To be compliant and mitigate the risk of data protection incidents, organizations need to address a range of requirements, such as:
- Establish a data processing officer
- Define and communicate policies and procedures with training
- Document data flows and processes
- Conduct data privacy impact assessments
- Implement, monitor and assess controls
- Prepare for incident response with 72-hour breach notification
- Integrate data privacy by design into business processes
- Ensure third parties are compliant
A critical component across these requirements is the requirements in Article 30 of the GDPR on the controls and responsibilities in keeping records of data processing and the disciplined destruction of personal data that is no longer in use. This requires that organizations have defined data mapping, inventory and controls in data processing to ensure the appropriate disposition of data throughout its lifecycle.

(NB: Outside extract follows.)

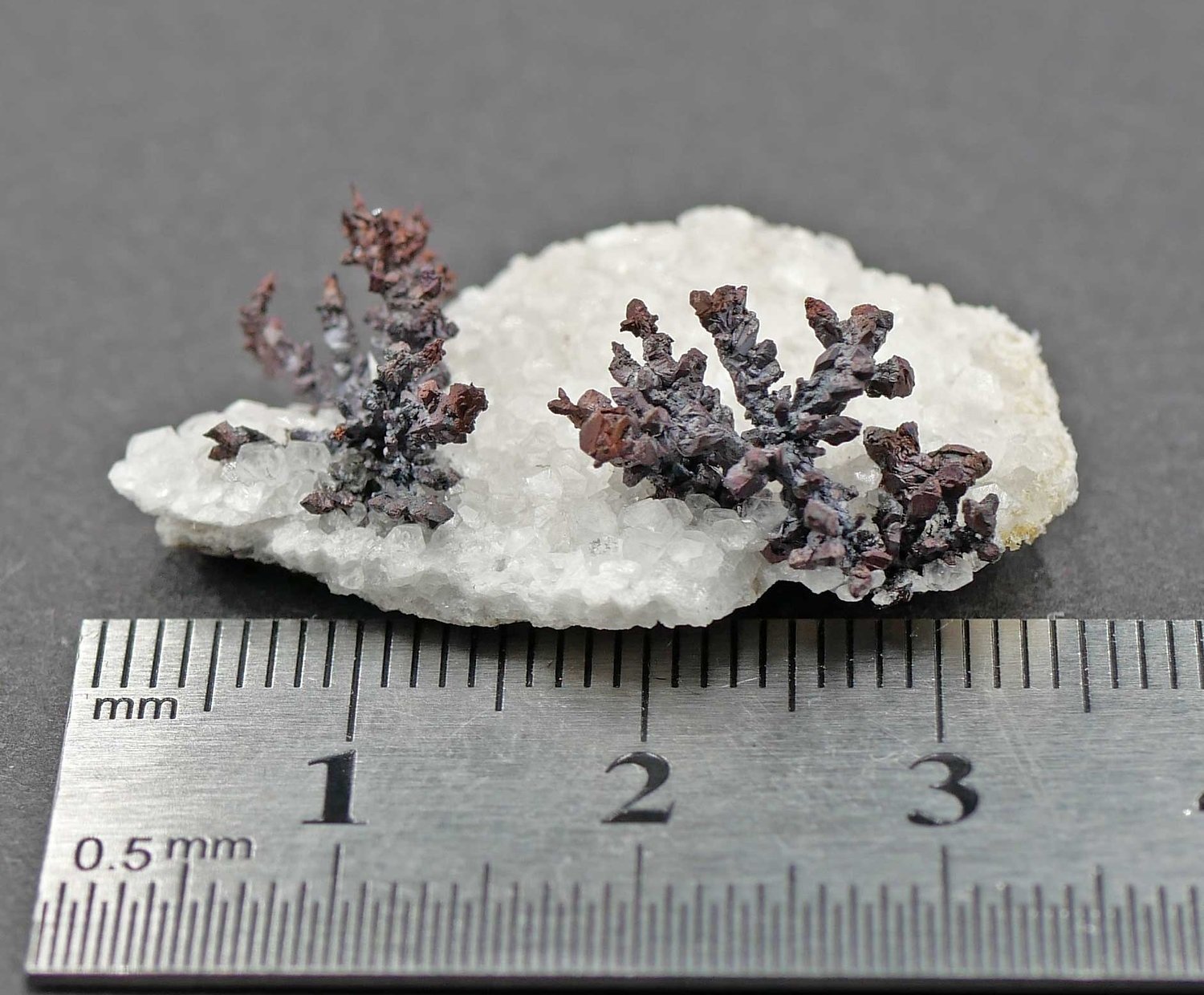 Copper, calcite
Specimen size 3,5 cm
(Autor: Tobi)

Data retention and destruction under GDPR, and other regulations, require that personal data is only retained for as long as it is minimally necessary. Organizations are to only keep personal data for the time period it is necessary to fulfill the reason for why it is collected and not any longer.

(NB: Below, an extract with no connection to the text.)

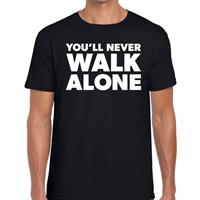 Bellatio You'll never walk alone tekst t-shirt Zwart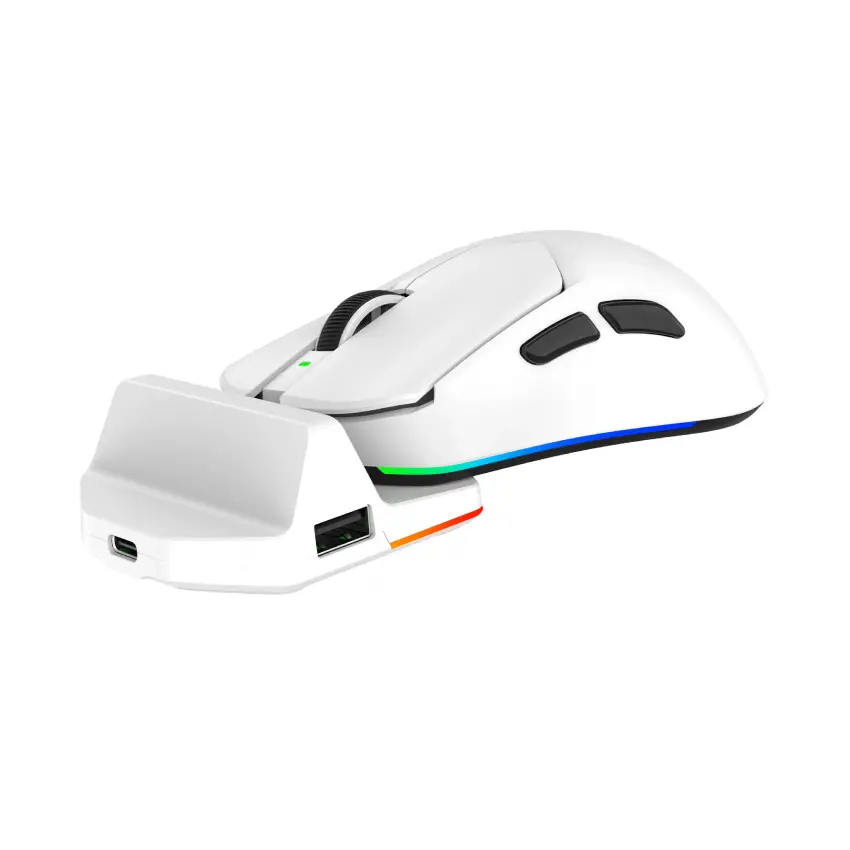 Tracker Pro RGB Kablosuz2.4Ghz+Bluetooth+Kablolu+Dock Şarj İstasyonlu 69gr 1KHz 12000DPI OyuncuMouse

While that seems straightforward, doing this is not easy for organizations. As information use is so pervasive across the organization, it becomes difficult to delete personal data. It goes against natural inclination to save data and leverage it for uses beyond the reason it was initially collected, which is a serious compliance breach of privacy laws.
One alternative that allows for compliance is the ongoing storage of data if it is obscured and anonymized to a point that it no longer identifies the data subject.
To comply with the law, it requires organizations to define and adhere to data retention and destruction policies that clearly define the use and disposition of personal data throughout its lifecycle. This means that organizations need to ensure that personal data is properly monitored in structured and unstructured data and that destruction of this data, or obscuration, is done at the appropriate time. This is governed by purpose for which the data was originally collected. Once that purpose has been fulfilled, the data must be destroyed.
Addressing these requirements starts with reviewing and updating the organization’s data retention and destruction policies. This is followed by understanding the collection and use of personal data throughout the organization, which is done in the data process mapping requirements of GDPR. From this point, organizations need to ensure processes and controls are in place to guarantee the appropriate use, storage and disposition of this data in adherence to the policies and the law. Additionally, these retention and disposition requirements cross business boundaries and apply to information that is used and shared with third party relationships of the organizations (e.g., vendors, outsourcers, service providers, consultants, contractors, temporary workers).
These are just some of the many reasons why it is a good idea to manage your privacy program and retention programs in an integrated and collaborative manner.